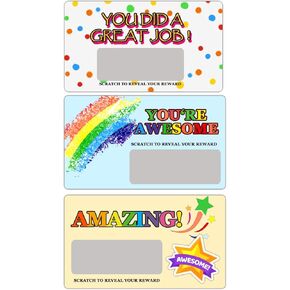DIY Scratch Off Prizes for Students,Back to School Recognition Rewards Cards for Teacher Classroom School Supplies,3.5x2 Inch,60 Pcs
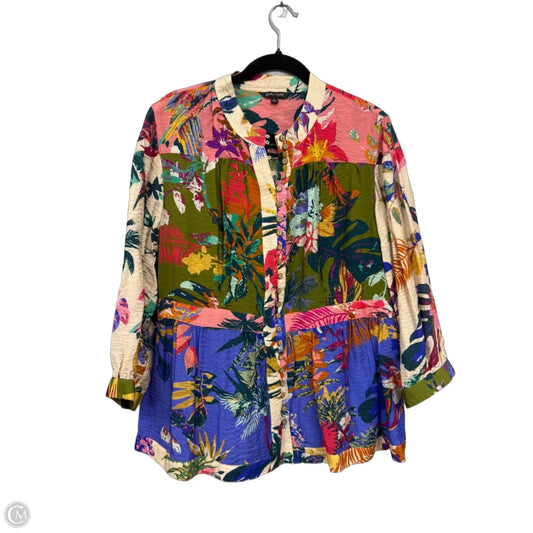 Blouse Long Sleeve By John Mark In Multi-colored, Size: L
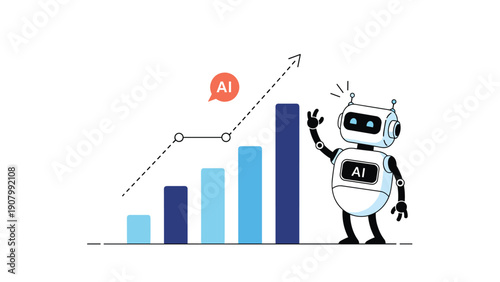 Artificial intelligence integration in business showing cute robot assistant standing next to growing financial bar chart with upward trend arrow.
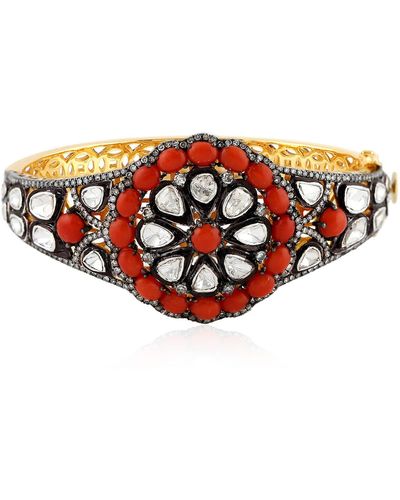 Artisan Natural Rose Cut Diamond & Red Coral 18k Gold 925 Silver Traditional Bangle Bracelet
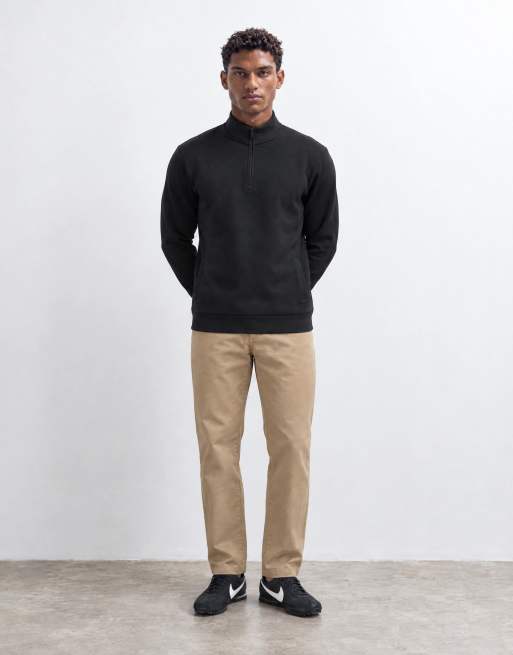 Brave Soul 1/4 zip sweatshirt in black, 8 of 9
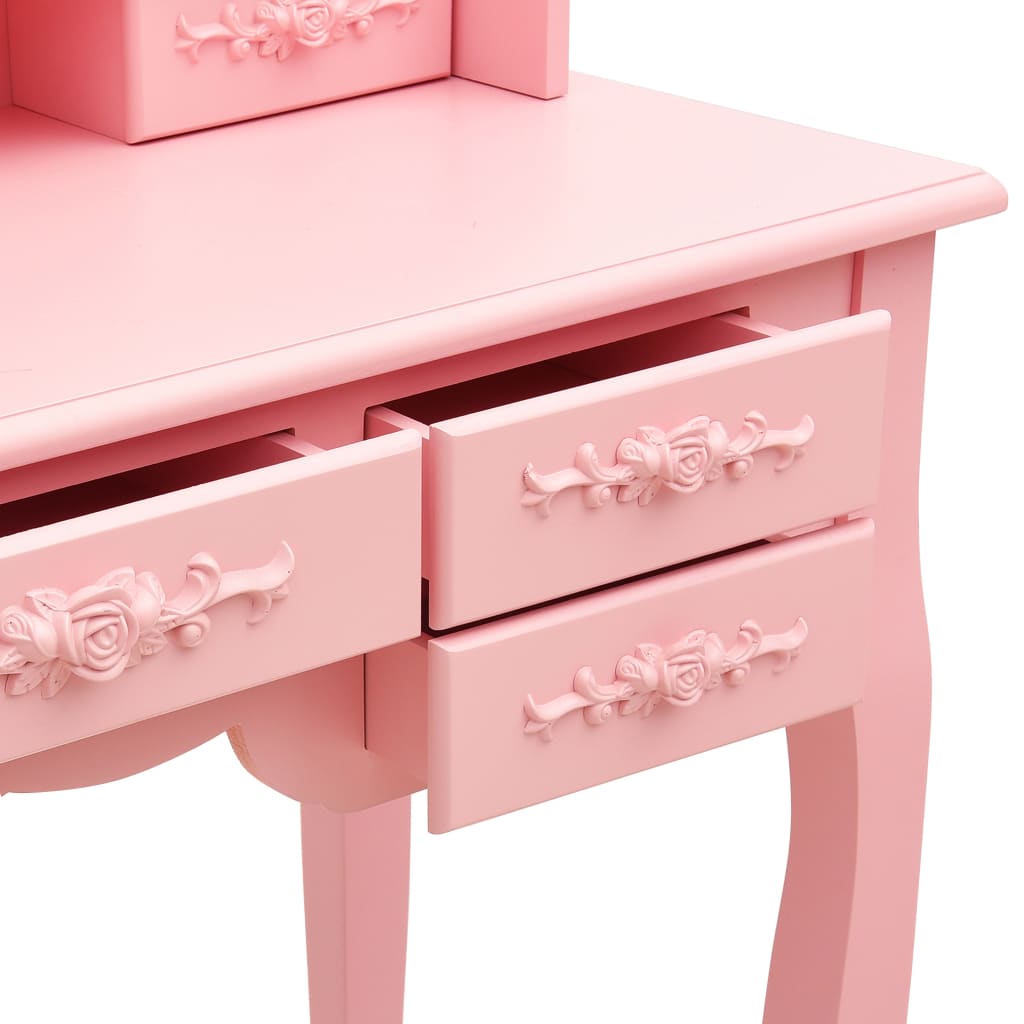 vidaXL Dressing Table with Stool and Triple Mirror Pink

------------------------

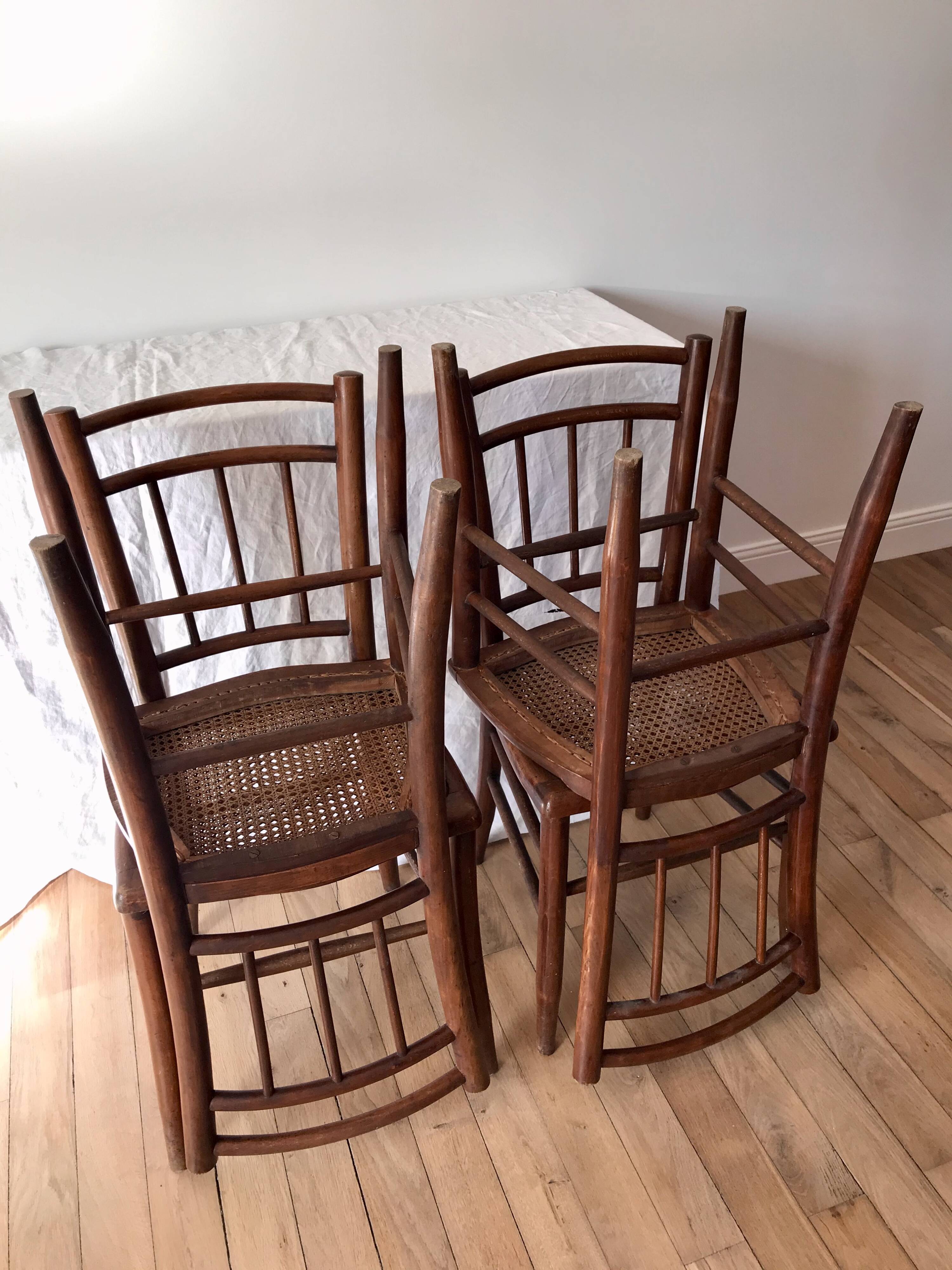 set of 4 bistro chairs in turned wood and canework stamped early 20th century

------------------------

> [What you need to do]: From the records above, copy exactly the stretch from the line holding "Artisan Natural Rose" through the line holding "vidaXL Dressing Table", both ends included, without the pictures.

> [Reply]:
 Artisan Natural Rose Cut Diamond & Red Coral 18k Gold 925 Silver Traditional Bangle Bracelet
 Brave Soul 1/4 zip sweatshirt in black, 8 of 9
 vidaXL Dressing Table with Stool and Triple Mirror Pink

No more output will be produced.